Sherlock slinks into Room 25506-ABX for post-doc John Scopes’ talk on super bacteria with an attitude. Scopes drones on and on for the next two hours, PowerPoint-ing his way through genome sequencing, mitochondrial mashups and the microscopic architecture of antibiotics. Sherlock is at his wit’s end halfway through, pulls out his smartphone and starts playing a hot session of “Angry Birds.”
The next meeting is a marathon of NIH funders. Sherlock and five colleagues spend the next four hours deciding whether to fund projects such as a safe infant sleep outreach program and a biomedical training program. All worthy, Sherlock thinks, but all he wants to do is get back to his FFI research.
The meeting ends at 4. Sherlock remembers what the powers-that-be told him when he was applying for the NIH job. Regular hours. Steady pay. Working with brilliant people. And there’s more, they assured him. Yeah, Sherlock says to himself. Lots of after-hours fun doing research you were hired to do in regular hours. Sherlock unlocks the door to his lab, and his spirits soar. He’s home. Welcome to his world, where the low hum and buzz of the high-tech equipment signal: “Science is made here.” Dr. Sacco Vanzetti, Sherlock’s post-doc assistant, hears Sherlock’s steps and leaps out of his chair, waving a computer printout of lines and squiggles.

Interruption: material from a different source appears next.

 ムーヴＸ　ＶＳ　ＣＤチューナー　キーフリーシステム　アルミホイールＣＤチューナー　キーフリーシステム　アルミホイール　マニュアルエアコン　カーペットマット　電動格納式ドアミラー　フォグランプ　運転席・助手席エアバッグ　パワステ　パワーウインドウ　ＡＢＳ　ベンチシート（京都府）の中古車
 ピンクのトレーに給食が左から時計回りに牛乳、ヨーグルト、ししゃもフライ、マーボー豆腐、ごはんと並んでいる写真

“Dr. Salk, Dr. Salk!” Vanzetti is so excited his voice hits a high-pitched squeak. “The sequencing of the FFI prion clearly shows the link to a mutation of the protein PrPC. It’s never been proved before, and WE’VE DONE IT!!” Vanzetti grabs Sherlock, who stands stock-still, transfixed with joy. Vanzetti and Sherlock whirl around the lab, occasionally colliding with lab tables piled with microscopes and all kinds of lab glassware, some of which tumbles to the floor with a loud smash. They soon collapse into chairs - exhausted. Sherlock looks at his watch. It’s 6 p.m. He smiles. Eureka! Victory! In spite of its inauspicious beginnings, it’s another day well spent at the NIH.